After the success of this mission, the invasion of Leyte got underway on 20 October 1944. The 6th Rangers were moved to Tacloban on Leyte, where they were mostly used for patrolling actions. Late in the year, the order came through for the battalion to prepare to take part in the landings in Lingayen Gulf, which were to form the invasion of Luzon. On 1 January 1945, the Rangers were transported by sea from Tacloban to Lingayen Gulf, and were landed on Lingayen Gulf Beach on 10 January 1945. Elements of the battalion were sent to Santiago Island to secure the entrance to the Gulf and prevent the enemy outflanking the landing area.

==Cabanatuan Raid==

Sixth Army Intelligence indicated that the Japanese were holding a large number of American POWs in Cabanatuan, 60 miles north of Manila. An incident at a camp on Palawan led intelligence to believe that the POWs would be executed as the Imperial Japanese Army retreated. General Walter Krueger, Sixth Army commander, ordered 6th Rangers to "bring the prisoners out alive".

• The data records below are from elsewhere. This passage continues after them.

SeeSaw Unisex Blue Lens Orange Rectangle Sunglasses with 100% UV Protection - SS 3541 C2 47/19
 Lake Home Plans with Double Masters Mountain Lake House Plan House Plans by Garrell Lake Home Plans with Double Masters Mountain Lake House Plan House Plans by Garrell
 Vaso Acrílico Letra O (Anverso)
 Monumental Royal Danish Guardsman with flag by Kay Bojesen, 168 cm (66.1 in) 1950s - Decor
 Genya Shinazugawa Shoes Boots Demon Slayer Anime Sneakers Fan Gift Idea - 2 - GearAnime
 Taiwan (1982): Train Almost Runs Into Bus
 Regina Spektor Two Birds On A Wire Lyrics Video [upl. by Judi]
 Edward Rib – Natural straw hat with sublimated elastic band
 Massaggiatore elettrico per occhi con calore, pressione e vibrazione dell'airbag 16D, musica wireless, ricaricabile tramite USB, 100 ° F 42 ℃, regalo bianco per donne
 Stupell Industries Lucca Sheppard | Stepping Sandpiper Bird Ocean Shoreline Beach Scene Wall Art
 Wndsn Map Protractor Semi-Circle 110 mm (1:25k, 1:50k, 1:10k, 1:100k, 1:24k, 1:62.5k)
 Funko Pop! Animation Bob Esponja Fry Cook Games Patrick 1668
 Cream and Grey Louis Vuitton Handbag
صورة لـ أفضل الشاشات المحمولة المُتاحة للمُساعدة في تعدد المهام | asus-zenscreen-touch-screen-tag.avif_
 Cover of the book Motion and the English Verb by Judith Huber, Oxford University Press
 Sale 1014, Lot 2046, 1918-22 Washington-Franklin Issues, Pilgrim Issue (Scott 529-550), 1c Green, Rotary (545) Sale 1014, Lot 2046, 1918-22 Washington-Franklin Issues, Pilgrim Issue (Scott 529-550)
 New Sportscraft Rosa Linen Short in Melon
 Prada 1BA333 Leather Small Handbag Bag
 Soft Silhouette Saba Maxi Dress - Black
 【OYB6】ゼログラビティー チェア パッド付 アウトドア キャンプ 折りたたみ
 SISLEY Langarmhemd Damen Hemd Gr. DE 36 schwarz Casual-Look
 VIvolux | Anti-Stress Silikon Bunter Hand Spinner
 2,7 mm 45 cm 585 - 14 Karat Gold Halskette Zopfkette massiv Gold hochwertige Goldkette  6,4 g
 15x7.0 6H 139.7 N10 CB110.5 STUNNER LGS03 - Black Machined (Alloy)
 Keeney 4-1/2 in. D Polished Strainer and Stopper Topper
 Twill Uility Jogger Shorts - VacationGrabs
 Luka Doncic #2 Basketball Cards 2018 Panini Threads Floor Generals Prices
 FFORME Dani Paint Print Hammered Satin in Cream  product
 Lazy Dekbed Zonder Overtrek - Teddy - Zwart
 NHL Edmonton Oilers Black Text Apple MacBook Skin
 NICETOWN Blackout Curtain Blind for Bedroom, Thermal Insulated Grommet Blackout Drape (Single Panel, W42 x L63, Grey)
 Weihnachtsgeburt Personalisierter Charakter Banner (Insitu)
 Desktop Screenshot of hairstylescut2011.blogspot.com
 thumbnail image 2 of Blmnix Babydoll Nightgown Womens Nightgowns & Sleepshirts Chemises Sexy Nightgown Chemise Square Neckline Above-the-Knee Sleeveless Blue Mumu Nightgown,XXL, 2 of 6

C Company, under Capt. Robert Prince, reinforced with a platoon from F Company and accompanied by Lt. Col. Mucci, was to undertake the mission. Alamo Scouts and Filipino guerrillas accompanied the 6th Ranger force, and provided reconnaissance and flank protection. The attack went ahead at dusk on 30 January. During the battle, the Rangers rescued 511 POWs and killed or wounded 523 enemy troops. Two Rangers were killed and two prisoners died during the evacuation, and 21 Filipino guerrillas were wounded. Both Mucci and Prince received the Distinguished Service Cross, all other officers involved in the raid the Silver Star and all enlisted men the Bronze Star. The operation is still considered one of the most successful rescue operations in US military history.

==After the raid==
For the remainder of the Luzon campaign, the 6th Rangers performed a variety of small-scale missions, including long-range reconnaissance patrols, mopping up bypassed pockets of Japanese resistance, and serving as a headquarters guard for the Sixth Army. On 23 June, they seized an airfield near the town of Aparri to prepare for the arrival of Task Force Gypsy, comprising 11th Airborne Division paratroopers and glider troops. The Rangers then pushed south and linked up with the 37th Infantry Division, concluding their last major operation of the war.

After the war, the 6th Ranger Battalion was sent to Japan for occupation duties. The battalion was deactivated on 30 December 1945, and its members sent home or assigned to other units.

In 1986, the inactive 6th Ranger Infantry Battalion was consolidated with units of the 75th Infantry Regiment (Ranger) during its reorganization into the 75th Ranger Regiment.